Rupp: Pauschal lässt sich das nicht sagen. Ein Center of Excellence oder Innovationscenter ist ein guter Ansatz. Ich möchte aber dringend davon abraten, dass es danach in der IT-Organisation unterschiedliche Bereiche gibt. Meiner Einschätzung nach ist das Konzept der 2-Speed-IT - "die" und "wir" - nachweislich gescheitert. Es geht vielmehr darum, bedarfsgerecht die Agilität in die Bereiche zu bringen. Der CIO hat hierbei eine sehr wichtige Rolle, um die Entwicklung entschlossen nach vorne zu treiben. Dies betrifft sowohl die Technologie als auch die Organisation und deren Abläufe.
Welche Folgen hat das für die Mitarbeiter und ihre Kompetenzen?

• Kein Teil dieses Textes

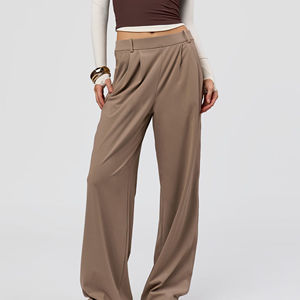 Pantalones de Pierna Ancha de Cintura Alta para Mujer, Satinados, Holgados, Plisados, Largos, de Color Sólido, Estilo Minimalista Otoñal - Product Image 1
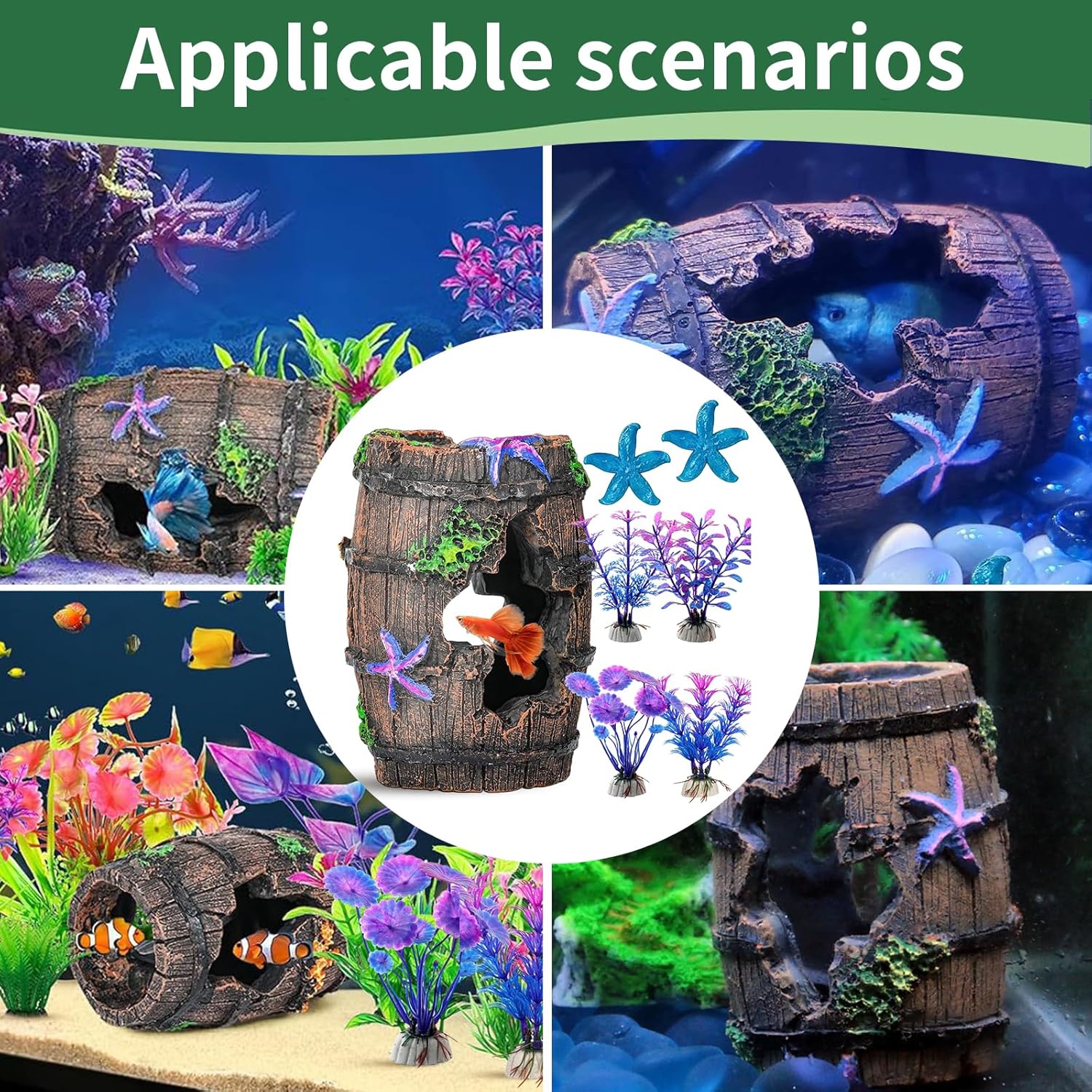 Thumbnail 6 de UOSIWYA 7-tlg. Aquarium Deko Höhle mit Moos-Simulation & Kunstharz-Versteck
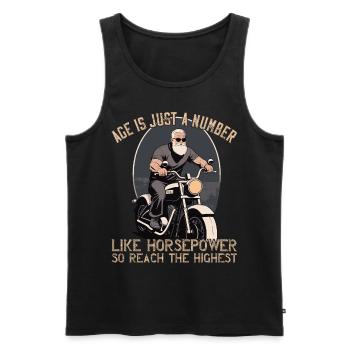 Lustiger Biker Opa Vintage Motorrad Retro Style - Männer Premium Bio Tank Top - Schwarz - Vorne - Michal (187cm)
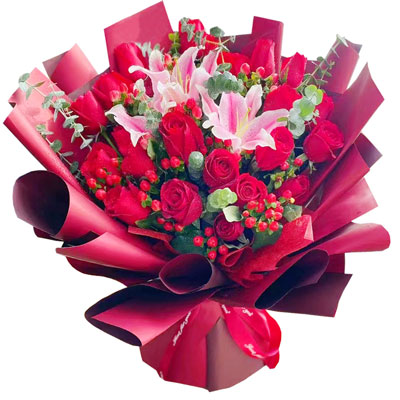 金华22朵红玫瑰百合，爱的火焰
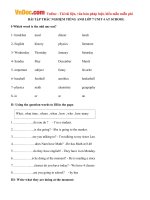 Bài tập trắc nghiệm Tiếng Anh lớp 7 Unit 4: At School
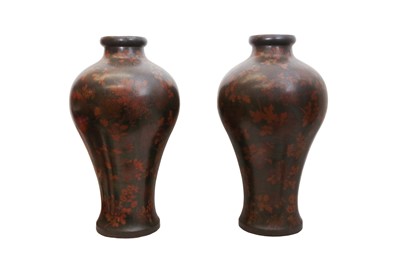 Lot 487 - A PAIR OF LARGE JAPANESE PAPIER MACHE AND LACQUERED VASES, 19TH CENTURY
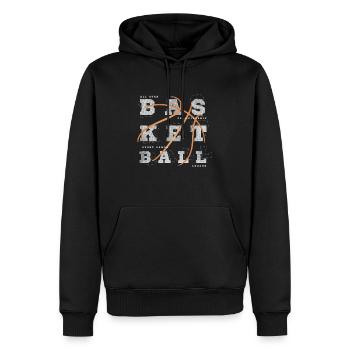 BASKET-BALL - Sweat à capuche Premium bio Homme - noir - Devant - Nico (187cm)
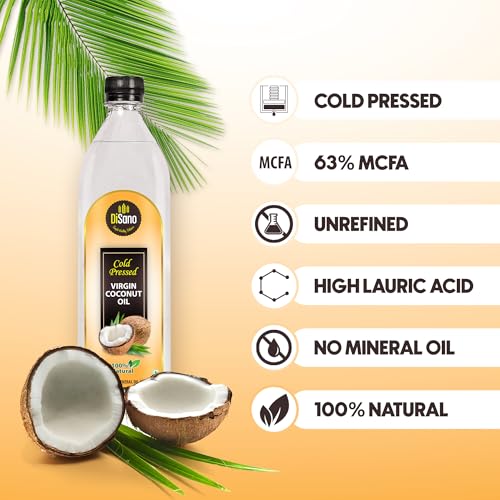 Image of DiSano Cold Pressed Virgin Coconut Oil Bottle, 500 ml (Pack of 2)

Rupp: Das bestehende Team 1:1 in die neue Welt zu transformieren ist Wunschdenken. Gefragt sind additive neue Skills und Ideen vom Markt, denn mit der richtigen Mischung tut man sich leichter, diese Transformation durchzuführen. Schließlich kann man Cloud Native nicht an allen Stellen und über Nacht umsetzen, dafür gibt es zu viel Legacy in den Unternehmen. Aber tendenziell gilt: Skills und Tätigkeiten werden sich weiter verändern, weil der Wettbewerbsdruck und die Geschwindigkeit nicht nachlassen.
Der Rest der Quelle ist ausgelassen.